Hubo que esperar a los años posteriores a la instauración de la democracia para que se sucedieran cambios significativos en este terreno. La concienciación del problema que tenía España llevó a crear el Centro para el Desarrollo Tecnológico e Industrial (CDTI), la ley de reforma universitaria, la Ley general de fomento de la actividad científica y el desarrollo tecnológico y los Planes Nacionales de I+D.
El gasto en I+D en España pasó de ser extremadamente bajo en 1980 al 0,5% del PIB en 1985 (debido a la reformas antes mencionadas) y al 0,9% en 1990. Después de una etapa de estancamiento, volvió a crecer en fechas recientes hasta superar la barrera del 1%. Aunque se aprecia el esfuerzo tecnológico en la últimas dos décadas, éste no llega al 50% de la media europea.
En este mismo período los países nórdicos han duplicado la cifra del 1,5 al 3%, es decir, tres veces más de lo que invierte España. Los dos países más parecidos (Irlanda e Italia) se sitúan también por delante aunque recientemente se advierte un acercamiento, debido sobretodo al estancamiento del gasto en la economía italiana.
Se puede decir que en estas últimas dos décadas nos hemos acercado un poco a los promedios europeos, pero España sigue estando entre las economías que presentan una posición más desfavorable, siendo las importaciones en el ámbito tecnológico casi 10 veces superiores a las exportaciones durante la década de 1990. El capital riesgo apenas alcanza la mitad de los niveles europeos y la actividad patentadora es la séptima parte de la de la Unión Europea y un 10% de la de EEUU.
Me vienen a la cabeza empresas como Airis que si han sabido entrar en el mercado, aunque esto no suele ser lo habitual. El dato es que la tecnología reciente creada con recursos propios no suele estar en disposición de competir con otras en el plano internacional.
España ya no es lo que era, las grandes multinacionales han emigrado a otros países que disponen de mano de obra más barata y deberíamos centrarnos en ofrecer productos con mayor valor añadido, un buen indicador es el VTR (Ventajas Tecnológicas Relativas). A través de éste se concluye que España presenta mayores ventajas tecnológicas en ciertos campos de la química, especialmente la industria farmacéutica, algunos tipos de maquinaria y aparatos, vehículos, motores, plantas de energía (excepto nuclear), armas, municiones y diversos campos próximos a algunas industrias tradicionales, como la alimentación y el textil.
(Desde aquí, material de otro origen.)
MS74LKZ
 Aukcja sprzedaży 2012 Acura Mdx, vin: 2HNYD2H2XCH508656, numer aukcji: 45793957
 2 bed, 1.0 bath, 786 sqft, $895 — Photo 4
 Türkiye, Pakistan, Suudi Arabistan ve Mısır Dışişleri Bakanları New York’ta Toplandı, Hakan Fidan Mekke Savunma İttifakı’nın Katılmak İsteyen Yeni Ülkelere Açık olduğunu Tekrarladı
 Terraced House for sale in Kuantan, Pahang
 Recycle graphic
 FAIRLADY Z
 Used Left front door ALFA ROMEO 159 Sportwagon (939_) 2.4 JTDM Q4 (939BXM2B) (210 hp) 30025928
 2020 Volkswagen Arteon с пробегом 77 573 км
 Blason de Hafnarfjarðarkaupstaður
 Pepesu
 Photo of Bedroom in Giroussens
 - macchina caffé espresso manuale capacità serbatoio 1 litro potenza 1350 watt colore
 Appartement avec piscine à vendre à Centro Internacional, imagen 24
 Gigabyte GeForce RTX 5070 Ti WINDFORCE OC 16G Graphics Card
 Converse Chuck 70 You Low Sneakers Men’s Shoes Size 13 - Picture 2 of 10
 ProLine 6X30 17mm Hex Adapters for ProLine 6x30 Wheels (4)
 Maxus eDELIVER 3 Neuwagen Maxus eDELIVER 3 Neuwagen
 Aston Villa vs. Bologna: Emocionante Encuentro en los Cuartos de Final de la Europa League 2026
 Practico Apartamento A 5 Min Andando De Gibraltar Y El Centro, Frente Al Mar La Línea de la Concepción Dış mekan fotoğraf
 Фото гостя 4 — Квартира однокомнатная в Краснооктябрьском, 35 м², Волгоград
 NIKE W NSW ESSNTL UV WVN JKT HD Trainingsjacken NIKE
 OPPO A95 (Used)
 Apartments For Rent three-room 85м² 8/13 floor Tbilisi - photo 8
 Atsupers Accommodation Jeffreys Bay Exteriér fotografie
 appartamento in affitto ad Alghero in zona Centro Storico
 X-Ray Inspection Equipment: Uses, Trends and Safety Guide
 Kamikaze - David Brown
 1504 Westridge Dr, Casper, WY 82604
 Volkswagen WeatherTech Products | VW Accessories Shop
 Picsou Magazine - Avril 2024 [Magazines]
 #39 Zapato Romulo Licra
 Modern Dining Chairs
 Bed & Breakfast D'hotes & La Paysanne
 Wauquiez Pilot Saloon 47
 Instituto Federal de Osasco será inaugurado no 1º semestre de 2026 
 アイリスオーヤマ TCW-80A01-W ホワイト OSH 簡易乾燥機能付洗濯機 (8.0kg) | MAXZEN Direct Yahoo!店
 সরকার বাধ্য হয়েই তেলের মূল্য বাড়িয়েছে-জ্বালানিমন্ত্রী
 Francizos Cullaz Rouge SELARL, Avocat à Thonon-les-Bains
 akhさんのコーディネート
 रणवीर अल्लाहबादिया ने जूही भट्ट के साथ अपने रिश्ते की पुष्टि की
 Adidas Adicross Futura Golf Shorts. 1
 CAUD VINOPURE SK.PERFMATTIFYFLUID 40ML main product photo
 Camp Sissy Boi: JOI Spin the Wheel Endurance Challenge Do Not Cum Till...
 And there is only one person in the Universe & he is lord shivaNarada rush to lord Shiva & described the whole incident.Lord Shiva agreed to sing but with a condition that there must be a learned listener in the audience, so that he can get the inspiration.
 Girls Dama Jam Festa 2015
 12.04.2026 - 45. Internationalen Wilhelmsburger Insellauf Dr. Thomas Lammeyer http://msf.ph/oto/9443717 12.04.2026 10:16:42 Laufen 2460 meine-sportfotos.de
Las desventajas más nítidas se muestran en todo tipo de tecnologías de la información, aeronaves, el resto de los campos de tecnologías químicas - especialmente, la petroquímica-, caucho y plásticos, materiales de construcción, maquinaria eléctrica y energía nuclear.
Conclusión, aún nos queda un largo camino por recorrer para llegar a la media tecnológica de la Europa de los 15.

Fuente: Lecciones de economía española - José Luís García Delgado, Rafael Myro - 7a edición - Editorial Thomson Civitas.